Interlinking Linked Data
Besides making use of existing vocabularies, the author or maintainer of a dataset should investigate how entities in the dataset can be linked out to entities in other datasets. This follows Linked Data principle number 4 by linking to other URIs so that the user can discover more things. RDF links between entities in different datasets can be specified on two levels: the instance level and the schema level. On the instance level links can be made between individual entities (e.g. people, places, objects) using the properties rdfs:seeAlso and owl:sameAs. The property owl:sameAs is used to express that two URI references actually refer to the same thing. The property rdfs:seeAlso indicates that more relevant information can be found by following the link.
In MusicBrainz the property owl:sameAs is used to connect resources referring to the same music artist. The property rdfs:seeAlso is used to connect albums produced by artists. The reason rdfs:seeAlso is used instead of owl:sameAs is that a URI may refer to a particular release of an album (such as the US rather than UK release). It would be incorrect to express that an express an owl:sameAs relationship between them as they may differ in terms of release date and geographical market. They may also differ in other ways such as their track listings and album covers. An approach to modelling different album releases and their characteristics will be described in section 3.7.2.
On the schema level, which contains the vocabulary used to classify the instance-level items, a number of relationships can be expressed using RDFS, OWL and the SKOS Mapping vocabulary. The RDFS properties rdfs:subPropertyOf and rdfs:subClassOf can be used to declare relationships between two properties or two classes from different vocabularies.
As described in chapter 2, OWL also provides predicates for stating that two classes, or two properties, have the same meaning, as follows:
mo:MusicArtist owl:equivalentClass ex:musician .
foaf:made owl:equivalentProperty ex:creatorOf .
The first of these triples means that all instances of one of these classes are also instances of the other.
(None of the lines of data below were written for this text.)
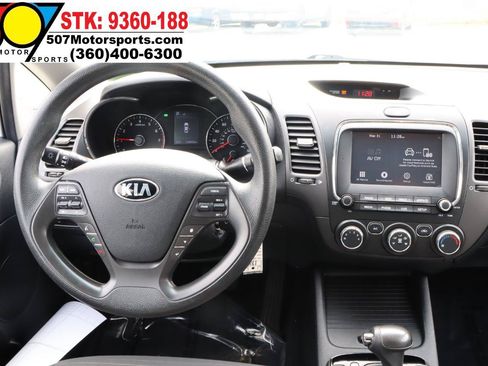 Used 2018 Kia Forte LX w/ LX Popular Package FWD image 17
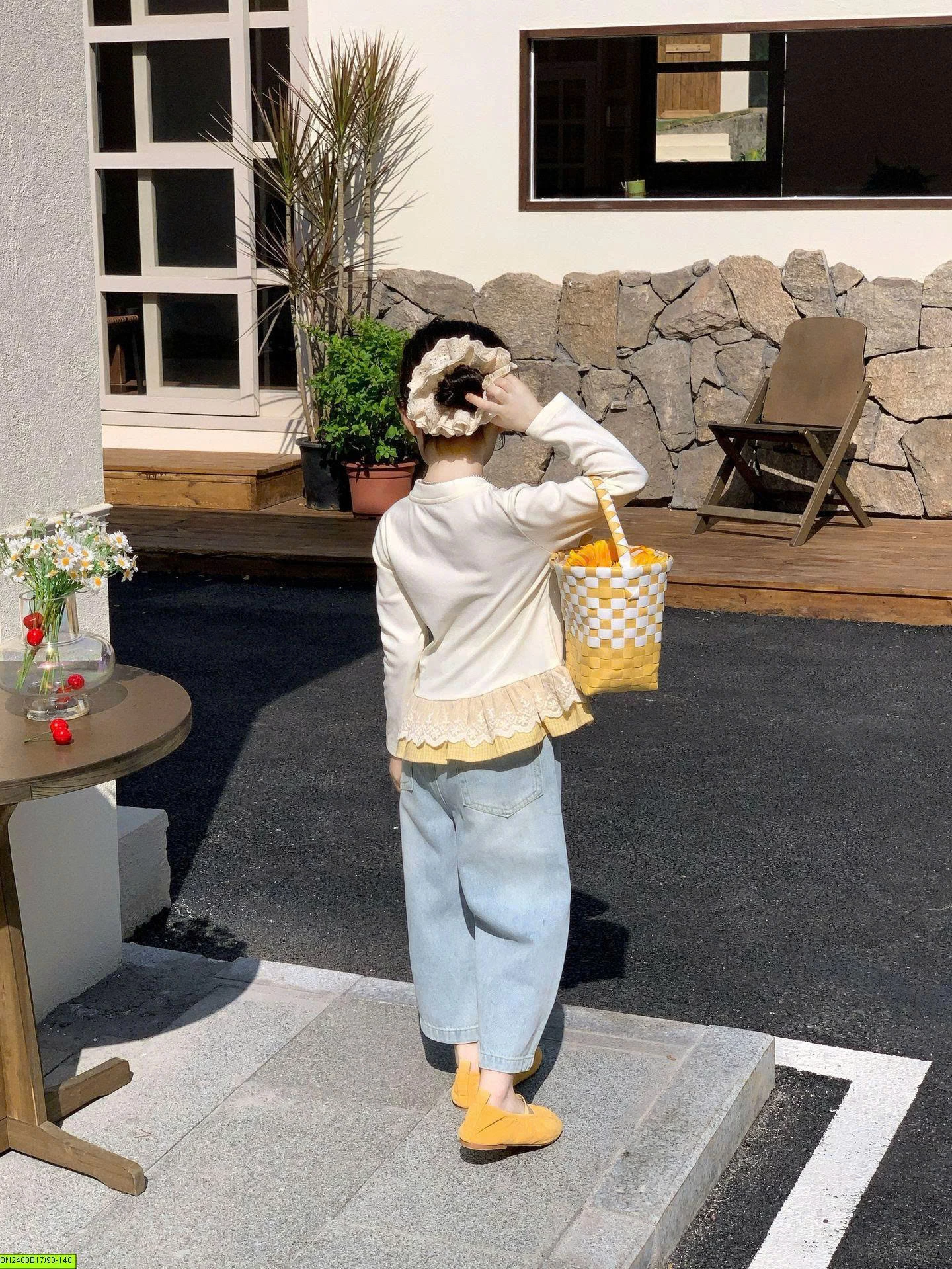 SET ÁO THUN VIỀN REN MIX QUẦN JEAN IN HÌNH
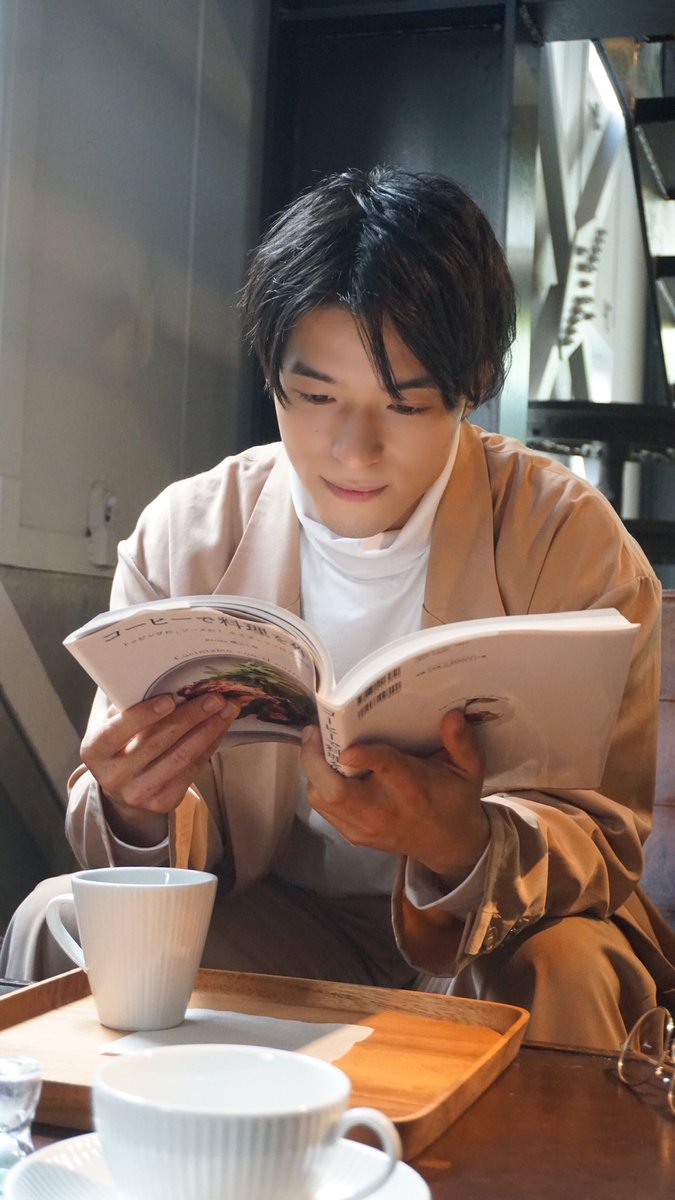 読書男子 読書男子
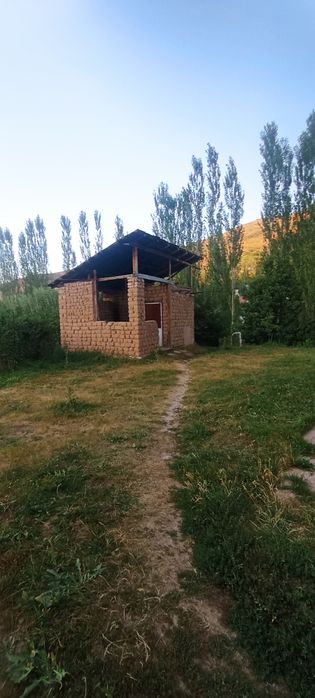 Uy sotiladi Chimyonda yaxshi joyda joylashkan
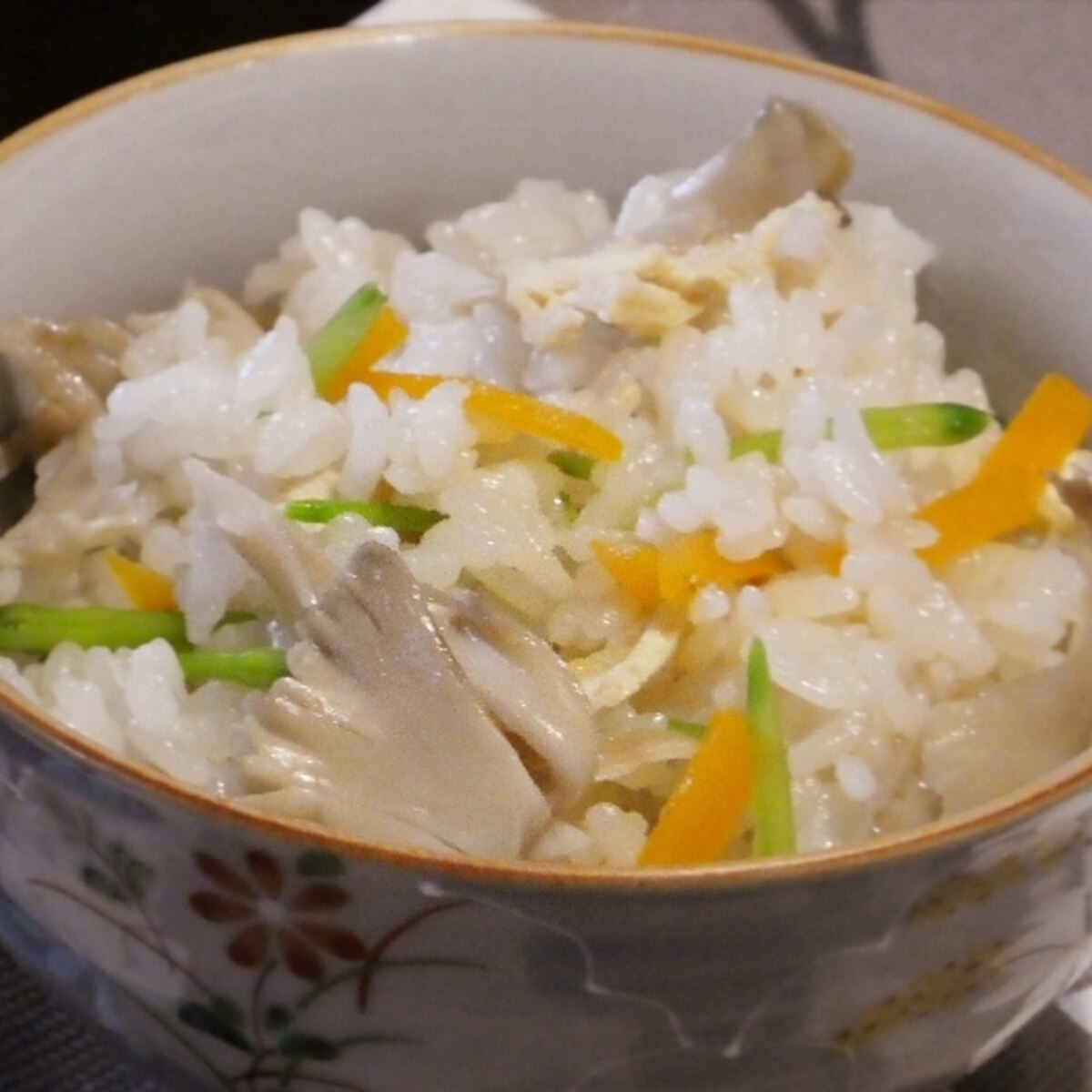 きのこ 炊き込み ご飯 白 だし 秋こそ食べたい きのこ炊き込みご飯 レシピ 香りを最大限活かすコツ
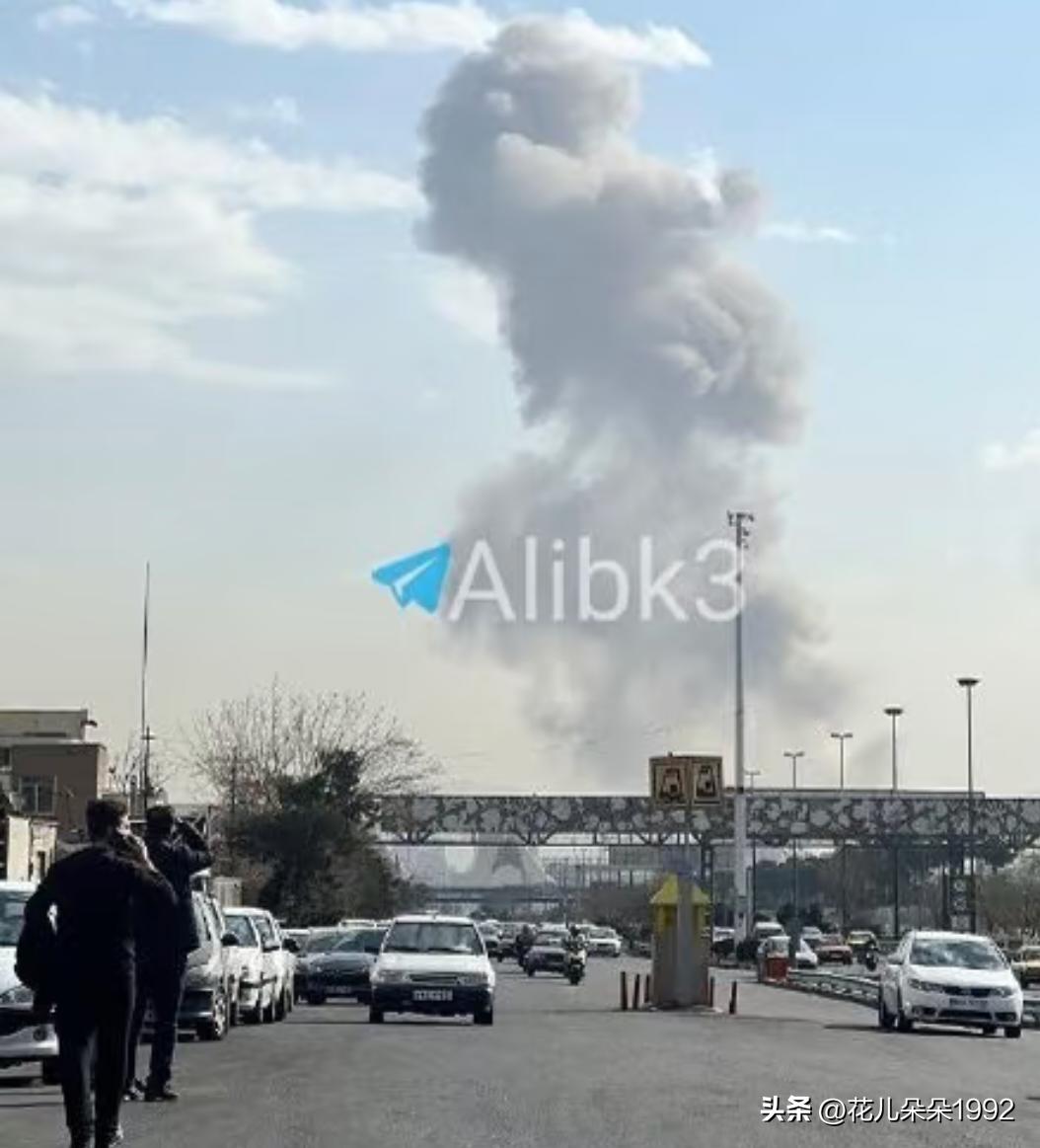 以色列袭击伊朗，逃离德黑兰再度上演😔
家人们，今天打开热搜看到中东又炸了，一时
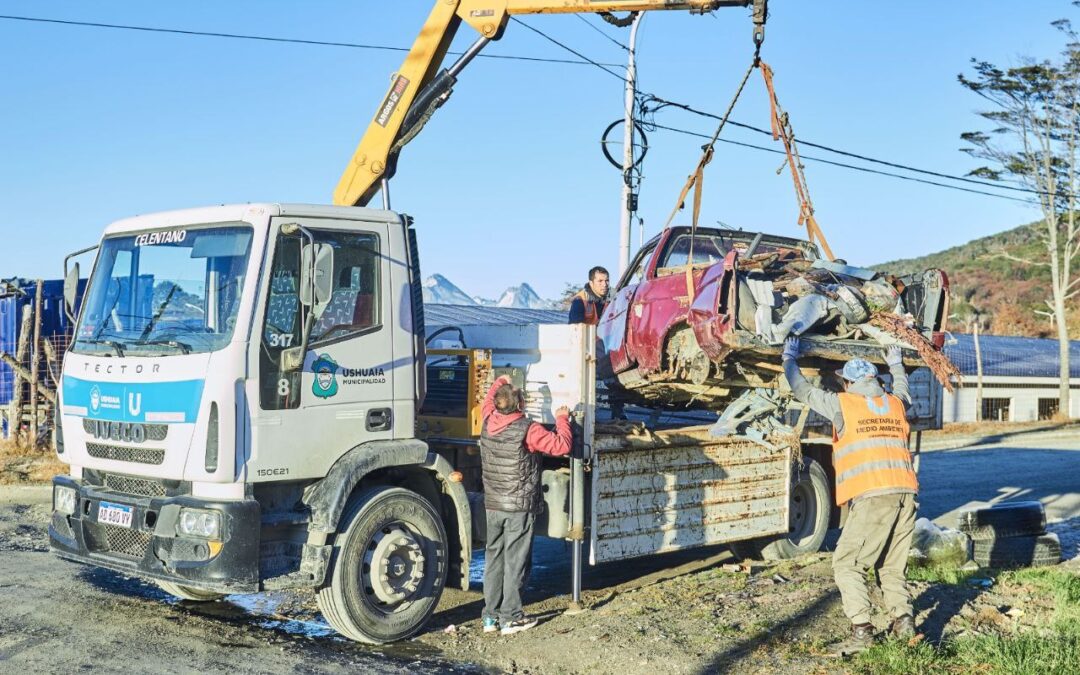 La Municipalidad de Ushuaia retiró chatarra y vehículos abanonados en la vía pública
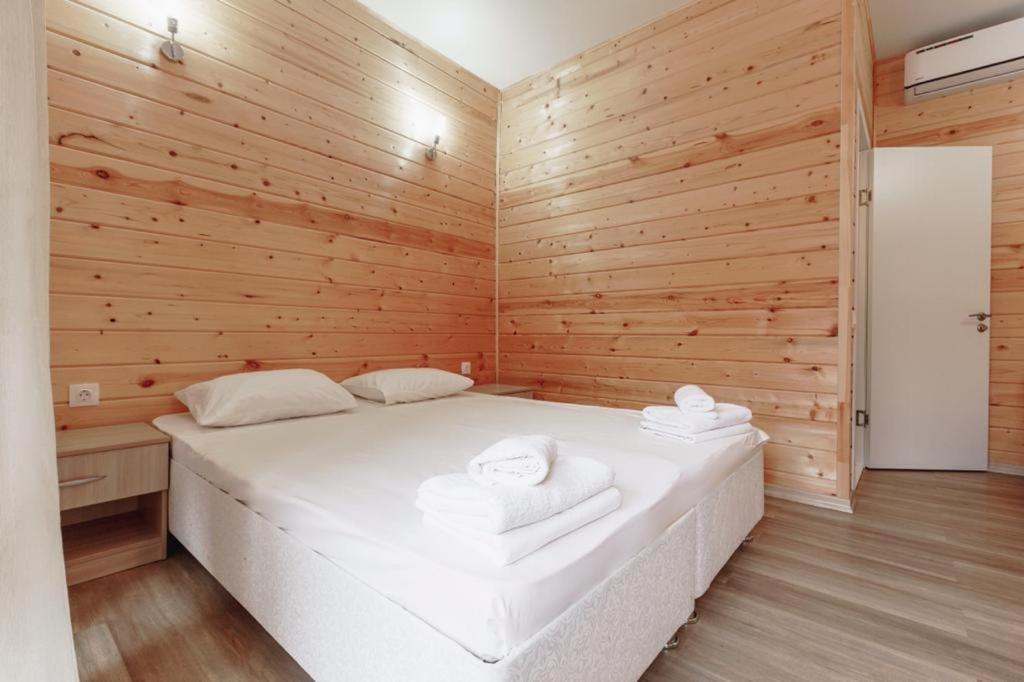Guest House Amshin Tsandrypsh Exterior photo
The second of these triples means that if two resources are connected by one of the properties then they are also connected by the other property. SKOS mapping properties can also be used to express alignment between concepts from different vocabularies. These will be discussed later in the section.
The process of detecting links between datasets is known as link discovery. Datasets are heterogeneous in terms of their vocabularies, format and data representation. This makes the process of link discovery far more complex. Determining whether two entities from different datasets refer to the same thing is an example of what is know as the entity resolution problem. Two types of ambiguity can make the process more challenging. Name ambiguities can result from typos, or the use of different languages or homonyms to describe a thing. Structural ambiguities result from entities having possibly inconsistent relationships to other entities in their respective datasets. These are resolved using ontology and schema matching techniques.
Mappings between datasets (either on the instance or schema level) can be discovered and expressed both manually and automatically. The manual comparison of pairs of entities from different datasets is impractical for larger datasets. SILK is a tool that can be used to discover and express relationships between datasets. This is will be described in section 3.7.4.
SKOS (Simple Knowledge Organisation System) is a data model for expressing and linking Knowledge Organisation Systems such as thesauri, taxonomies, and classification schemes . SKOS is expressed as RDF triples. Here will we consider three SKOS mapping properties in particular:
- skos:closeMatch expresses that two concepts are sufficiently similar that they could possibly be used interchangeably
- skos:exactMatch expresses that two concepts can be used interchangeably. This property is transitive.
- skos:relatedMatch expresses that there is an associative mapping between the two concepts
We will now give some examples that make use of the following prefixes.
@prefix mo: <http://purl.org/ontology/mo/>
@prefix dbpedia-ont: <http://dbpedia.org/ontology/>
@prefix schema: <http://schema.org/>
The example below expresses that the concept MusicArtist from the Music Ontology is an exact match for MusicalArtist from the DBpedia ontology.
mo:MusicArtist skos:exactMatch dbpedia-ont:MusicalArtist.
Here are some other examples:
mo:MusicGroup skos:exactMatch dbpedia-ont:Band.
mo:MusicGroup skos:exactMatch schema:MusicGroup.
The following triples express that the concept SignalGroup (meaning the group of musical or audio signals captured in a recording session) from the Music Ontology is a close match for both the MusicAlbum concept from schema.org and the Album concept from DBpedia.
mo:SignalGroup skos:closeMatch schema:MusicAlbum.
mo:SignalGroup skos:closeMatch dbpedia-ont:Album.
Certain integrity conditions apply in order to ensure a consistent mapping between two vocabularies. Two concepts cannot be both a related and exact match. The properties skos:closeMatch, skos:relatedMatch and skos:exactMatch are all symmetric. Only skos:exactMatch is transitive.
Figure 6: Partial Mapping Relation diagram with integrity conditions.